Chapter 25: NLP Projects — Spam Detection, Sentiment Analysis, Autocomplete¶

“Language is powerful. Teaching machines to understand it unlocks infinite possibilities.”

With your knowledge of tokenization, vectorization, RNNs, and Transformers, you're now ready to build end-to-end NLP applications. In this chapter, we’ll walk through three mini-projects using TensorFlow:

Spam Detection – Binary classification using classic vectorization
Sentiment Analysis – Text-to-emotion prediction using LSTM
Autocomplete – Next-word prediction using a Transformer

Each project includes:

Data loading
Text preprocessing
Model architecture
Training loop
Evaluation and usage

1. Spam Detection with TF-IDF¶

Dataset: SMS Spam Collection (UCI)

import pandas as pd

df = pd.read_csv("https://raw.githubusercontent.com/justmarkham/pycon-2016-tutorial/master/data/sms.tsv", sep='\t', names=['label', 'message'])
df['label'] = df['label'].map({'ham': 0, 'spam': 1})
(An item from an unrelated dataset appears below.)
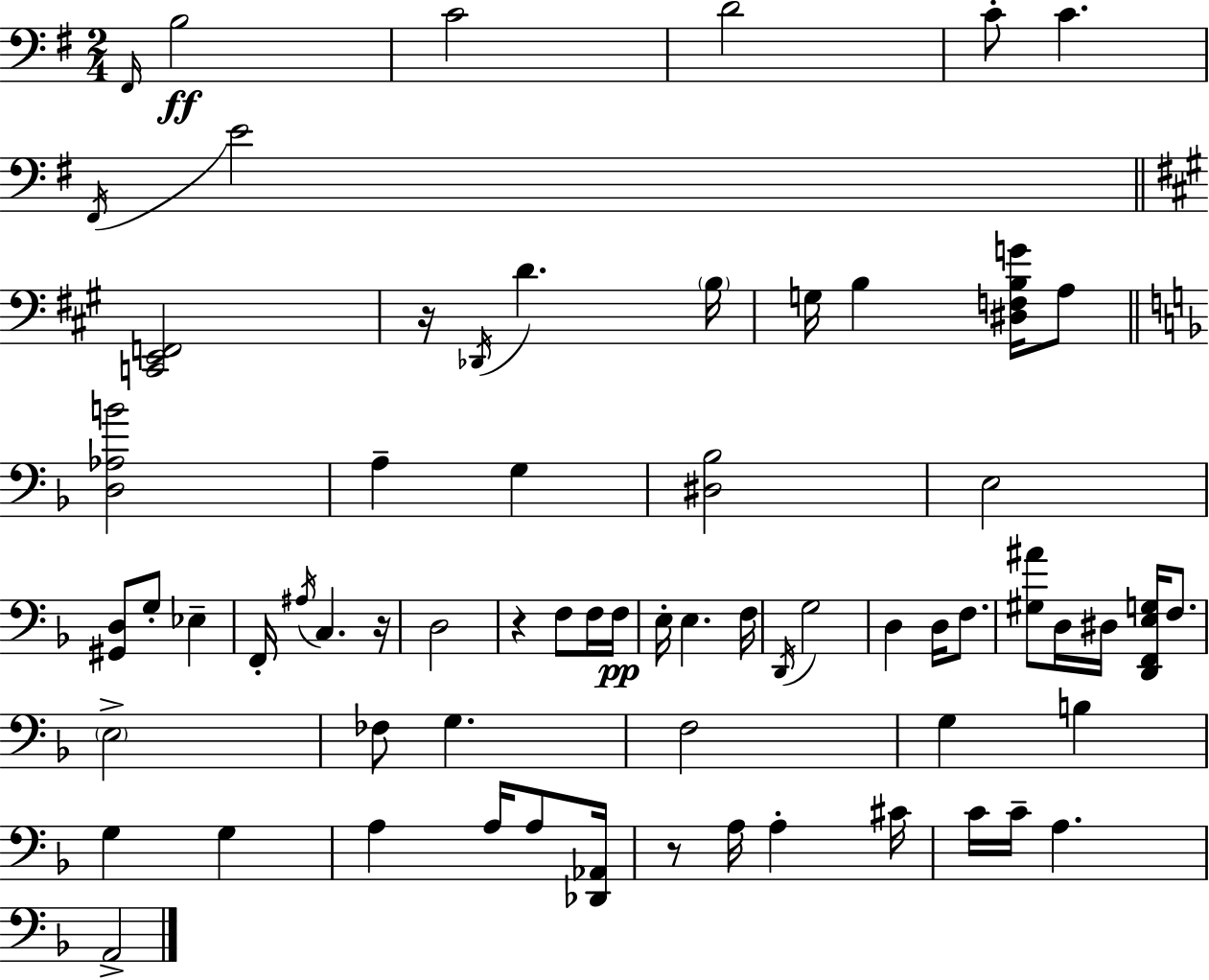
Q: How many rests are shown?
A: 4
Preprocessing with TfidfVectorizer

from sklearn.feature_extraction.text import TfidfVectorizer
from sklearn.model_selection import train_test_split

X = TfidfVectorizer(max_features=1000).fit_transform(df['message']).toarray()
y = df['label'].values

x_train, x_test, y_train, y_test = train_test_split(X, y, test_size=0.2)

Model

from tensorflow.keras.models import Sequential
from tensorflow.keras.layers import Dense

model = Sequential([
    Dense(64, activation='relu', input_shape=(1000,)),
    Dense(1, activation='sigmoid')
])
model.compile(optimizer='adam', loss='binary_crossentropy', metrics=['accuracy'])
model.fit(x_train, y_train, epochs=5, validation_split=0.2)
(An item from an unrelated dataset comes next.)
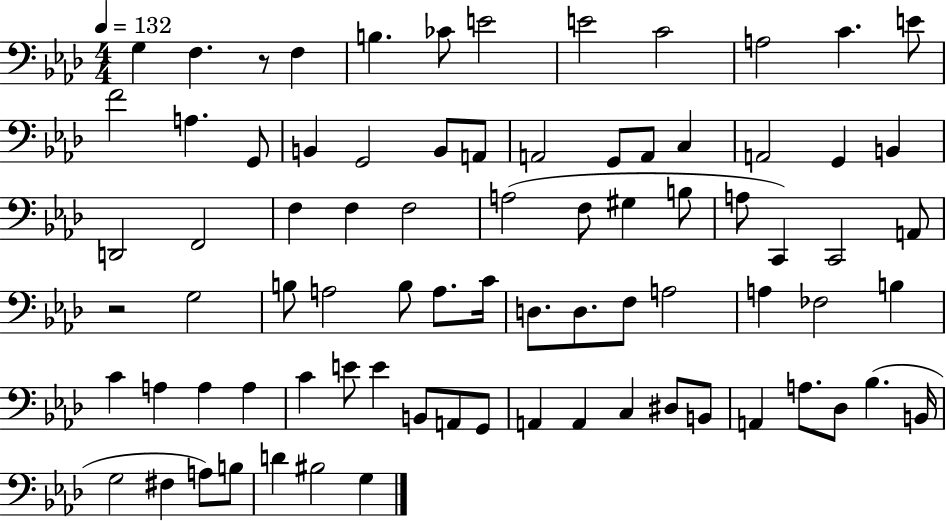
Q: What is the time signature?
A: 4/4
😊 2. Sentiment Analysis with LSTM¶

Dataset: IMDB Reviews

(x_train, y_train), (x_test, y_test) = tf.keras.datasets.imdb.load_data(num_words=10000)
x_train = tf.keras.preprocessing.sequence.pad_sequences(x_train, maxlen=200)
x_test = tf.keras.preprocessing.sequence.pad_sequences(x_test, maxlen=200)

Model

model = tf.keras.Sequential([
    tf.keras.layers.Embedding(input_dim=10000, output_dim=64, input_length=200),
    tf.keras.layers.LSTM(64),
    tf.keras.layers.Dense(1, activation='sigmoid')
])
model.compile(optimizer='adam', loss='binary_crossentropy', metrics=['accuracy'])
model.fit(x_train, y_train, epochs=5, validation_split=0.2)
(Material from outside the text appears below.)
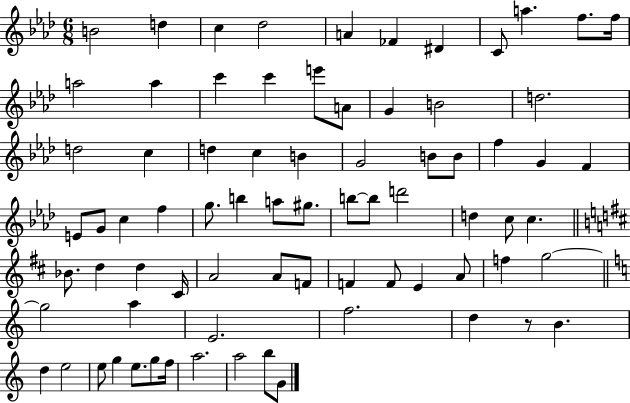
B4/h D5/q C5/q Db5/h A4/q FES4/q D#4/q C4/e A5/q. F5/e. F5/s A5/h A5/q C6/q C6/q E6/e A4/e G4/q B4/h D5/h. D5/h C5/q D5/q C5/q B4/q G4/h B4/e B4/e F5/q G4/q F4/q E4/e G4/e C5/q F5/q G5/e. B5/q A5/e G#5/e. B5/e B5/e D6/h D5/q C5/e C5/q. Bb4/e. D5/q D5/q C#4/s A4/h A4/e F4/e F4/q F4/e E4/q A4/e F5/q G5/h G5/h A5/q E4/h. F5/h. D5/q R/e B4/q. D5/q E5/h E5/e G5/q E5/e. G5/e F5/s A5/h. A5/h B5/e G4/e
3. Autocomplete with Mini Transformer¶

This is a simplified version, using a small vocabulary.

Sample Corpus

sentences = [
    "hello how are you",
    "hello how is your day",
    "i love natural language processing",
    "tensorflow is powerful"
]

Vectorize & Build Transformer

Use TextVectorization and custom Transformer layers (as built in Chapter 24). Train it as a language model: for every input sequence, predict the next word.

Evaluation Tips¶

Project	Metric	Evaluation Example
Spam Detection	Accuracy, F1	Confusion matrix
Sentiment Analysis	Accuracy	Predict reviews manually
Autocomplete	Top-k accuracy	“hello how” → “are”, “is”, “you”

Use TensorBoard to visualize training curves, and checkpoints to save your models.

Deployment Ideas¶

Task	Deploy As
Spam Detection	FastAPI REST API
Sentiment Model	Hugging Face + Gradio
Autocomplete	TensorFlow Lite on mobile

All three can be integrated into websites, apps, or backend systems for real-time inference.

Summary¶

In this chapter, you:

Built three full NLP projects from start to finish
Used both traditional ML and deep learning
Combined text preprocessing, tokenization, and modeling
Prepared these models for deployment and real-world use

These projects are a stepping stone to larger systems: chatbots, translation, summarization, and beyond.